I'm not too lazy to write this post right now, in the middle of the night. You couldn't find a better example of what the future of elections in Russia looks like.
Basically, it hardly even matters that they started shaving votes off the “5 Steps” petition on ROI (the Russian Public Initiative state petition platform). The Kremlin apparently decided it was crucial that we not reach the required 100,000 verified votes right during my live broadcast. There were 103,000 viewers watching simultaneously, so hitting the needed 100,000 was guaranteed.
So on ROI they simply started deducting votes and blocked most users from being able to vote.
But it's a pointless exercise: there, so many people are going to vote that the only way to stop us from reaching the required 100,000 in the near future is to shut down ROI's state petition system altogether.
But I want to draw your attention to something very, very important.
You know that the law on electronic voting has been passed. You've been reading the near-fainting posts from members of the election monitoring community.
And everyone is worried about the same question: are they really just going to blatantly rig electronic voting? And how brazenly?
Well, the answer is right in front of us.
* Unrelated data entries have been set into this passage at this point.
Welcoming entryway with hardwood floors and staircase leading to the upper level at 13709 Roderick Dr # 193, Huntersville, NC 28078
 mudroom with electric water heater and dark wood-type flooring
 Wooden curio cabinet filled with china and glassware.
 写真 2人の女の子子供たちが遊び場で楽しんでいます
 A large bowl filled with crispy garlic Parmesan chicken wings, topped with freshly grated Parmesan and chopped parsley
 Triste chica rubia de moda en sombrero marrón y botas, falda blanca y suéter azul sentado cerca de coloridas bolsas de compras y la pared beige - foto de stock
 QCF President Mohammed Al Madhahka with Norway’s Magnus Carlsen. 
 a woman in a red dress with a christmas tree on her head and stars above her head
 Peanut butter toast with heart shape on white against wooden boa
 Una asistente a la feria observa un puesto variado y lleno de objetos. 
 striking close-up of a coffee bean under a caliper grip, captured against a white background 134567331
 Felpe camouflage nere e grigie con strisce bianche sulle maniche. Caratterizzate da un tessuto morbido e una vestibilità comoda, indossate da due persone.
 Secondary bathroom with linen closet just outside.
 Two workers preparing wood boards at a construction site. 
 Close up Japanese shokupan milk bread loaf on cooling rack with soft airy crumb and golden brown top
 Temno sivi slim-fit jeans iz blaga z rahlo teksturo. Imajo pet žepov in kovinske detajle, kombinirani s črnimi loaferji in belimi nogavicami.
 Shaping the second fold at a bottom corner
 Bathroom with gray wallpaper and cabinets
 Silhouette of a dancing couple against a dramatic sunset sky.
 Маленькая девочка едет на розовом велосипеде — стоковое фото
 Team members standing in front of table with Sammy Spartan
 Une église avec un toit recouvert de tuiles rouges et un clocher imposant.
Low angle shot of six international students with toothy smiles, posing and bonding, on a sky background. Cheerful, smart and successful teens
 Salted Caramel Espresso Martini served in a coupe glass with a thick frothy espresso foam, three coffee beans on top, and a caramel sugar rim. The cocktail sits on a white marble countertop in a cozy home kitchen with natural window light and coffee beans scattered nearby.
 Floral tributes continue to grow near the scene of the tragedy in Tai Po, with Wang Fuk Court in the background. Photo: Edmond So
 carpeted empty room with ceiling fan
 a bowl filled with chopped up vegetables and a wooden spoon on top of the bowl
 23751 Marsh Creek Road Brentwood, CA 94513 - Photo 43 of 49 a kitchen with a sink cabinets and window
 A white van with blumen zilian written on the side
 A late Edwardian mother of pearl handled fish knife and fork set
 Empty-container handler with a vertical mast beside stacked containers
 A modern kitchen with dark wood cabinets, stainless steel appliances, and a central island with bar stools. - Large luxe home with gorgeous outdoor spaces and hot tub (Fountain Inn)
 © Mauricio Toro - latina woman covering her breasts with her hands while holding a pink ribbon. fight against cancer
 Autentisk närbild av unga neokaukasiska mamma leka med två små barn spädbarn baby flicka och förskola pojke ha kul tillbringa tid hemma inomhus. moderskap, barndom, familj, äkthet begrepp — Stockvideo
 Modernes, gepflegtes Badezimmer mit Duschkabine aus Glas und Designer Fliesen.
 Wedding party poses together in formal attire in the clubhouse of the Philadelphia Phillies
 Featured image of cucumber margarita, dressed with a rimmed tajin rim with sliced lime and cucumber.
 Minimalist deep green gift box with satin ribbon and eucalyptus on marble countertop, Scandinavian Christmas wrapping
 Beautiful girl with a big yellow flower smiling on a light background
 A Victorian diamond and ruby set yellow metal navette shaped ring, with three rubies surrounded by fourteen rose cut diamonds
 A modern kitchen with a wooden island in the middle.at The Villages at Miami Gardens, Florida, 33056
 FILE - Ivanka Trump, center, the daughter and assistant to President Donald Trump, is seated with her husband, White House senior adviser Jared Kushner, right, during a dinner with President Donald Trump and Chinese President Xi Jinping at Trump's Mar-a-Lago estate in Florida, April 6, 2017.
Voting on ROI goes through Gosuslugi (Russia's government services portal), exactly the same way voting in the elections will.
ROI is run by a vile crook named Ilya Massukh. We've caught him before falsifying things.
And—you'll laugh—the very same Massukh heads the headquarters for monitoring voting in Moscow.
In other words, right now, some creep appointed as an observer ON BEHALF OF THE PUBLIC is, in real time, stealing votes cast through Gosuslugi. Just like in an actual election.
And if we're answering the question, “How brazen are they prepared to be about it?”—this part is downright absurd.
Programmer Ivan Shukshin noticed that in the morning, the ROI website was using the correct Russian plural forms for “votes,” and then it stopped.
At first I didn't even understand what that meant, but then Leonid Volkov explained it to me:
In the numeric field, they started displaying not the <number of votes> but the <properly adjusted number of votes>, while they forgot to fix the text field, so its value is still being calculated from the real number of votes.
In other words, the declension logic is inflecting the word for “votes” according to the correct number, while the numeral they're inserting is a different, fake one.
And once again: this is being done right now by the HEAD of the public election monitoring headquarters.
We've got some interesting elections ahead of us.